Часть третья. Глава 8. Иваниана

+T -
Поделиться:

Ошеломляющий вывод

Можно, конечно, смотреть на послания Грозного как на неуклюжую попытку оправдать задним числом тер­рор, казни и грабежи опричнины. Так представлялись они Курбско­му. Так представлялись они и Карамзину. Но если мы (вслед за Пого­диным) отнесемся к ним серьезно, то увидим в них практически всю лабораторию политического мышления русского иосифлянства, не говоря уже о подробном описании политического процесса в Крем­ле 1550-х. Увидим, что смысл этого процесса заключался отнюдь не только в попытке маргинализовать саму возможность возникновения самодержавия, но и в посте­пенном превращении царя в своего рода председателя правительст­венной коллегии, хотя и сохраняющего право вето, но не более того. Вот как выглядел этот процесс, увиденный глазами царя.

Сначала «собака Алексей» с Сильвестром принялись «совето­ваться тайком от нас». Потом «Сильвестр ввел к нам в совет своего единомышленника, князя Дмитрия Курлятьева» и «начали они со своим единомышленником свои злые замыслы». Какие замыслы? Не только, оказывается, реформы, Судебник, вопросы Стоглаву и выдвижение на руководящую роль в стране Земского собора, как мы до сих пор думали, но и очень конкретные кадровые переста­новки, приведшие к тому, что не осталось «ни единой власти, где у них не были назначены их сторонники». Иначе говоря, персо­нальные перестановки в высшем руководстве страны постепенно лишали царя всех рычагов реального политического влияния, включая даже древнюю прерогативу определять порядок формиро­вания высшей номенклатуры: «они лишили нас... права распреде­лять честь и места между вами, боярами, и передали эти дела на ва­ше желание и усмотрение».

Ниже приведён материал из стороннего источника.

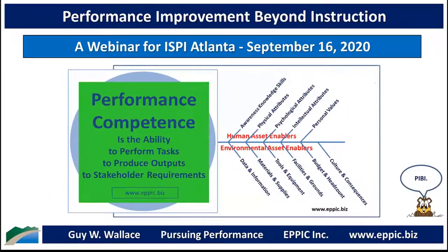Thank you. Yes, I'm an old guy, a gray beard as you can tell by the video. Let me bring up my presentation: Performance Improvement Beyond Instruction. I'm going to present a talk around this model that's part of the first slide — PBPI's.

В результате царь, утративший контроль над ключевыми позици­ями в правительстве, и впрямь оказался вдруг в положении первого среди равных. Он сам об этом свидетельствует, замечая, что они (т.е. Адашев, Сильвестр и Курлятьев) «мало по малу стали подчинять вас, бояр, своей воле, приучали вас прекословить нам и нас почти равня­ли с вами». «Нестесненная власть» не только ускользала из рук Ивана, она, казалось, ускользала необратимо. У него не оставалось сомнений, что его пытаются превратить в номинального главу госу­дарства. Как иначе объяснить его слова «вы с попом решили, что я должен быть государем на словах, а вы — на деле»?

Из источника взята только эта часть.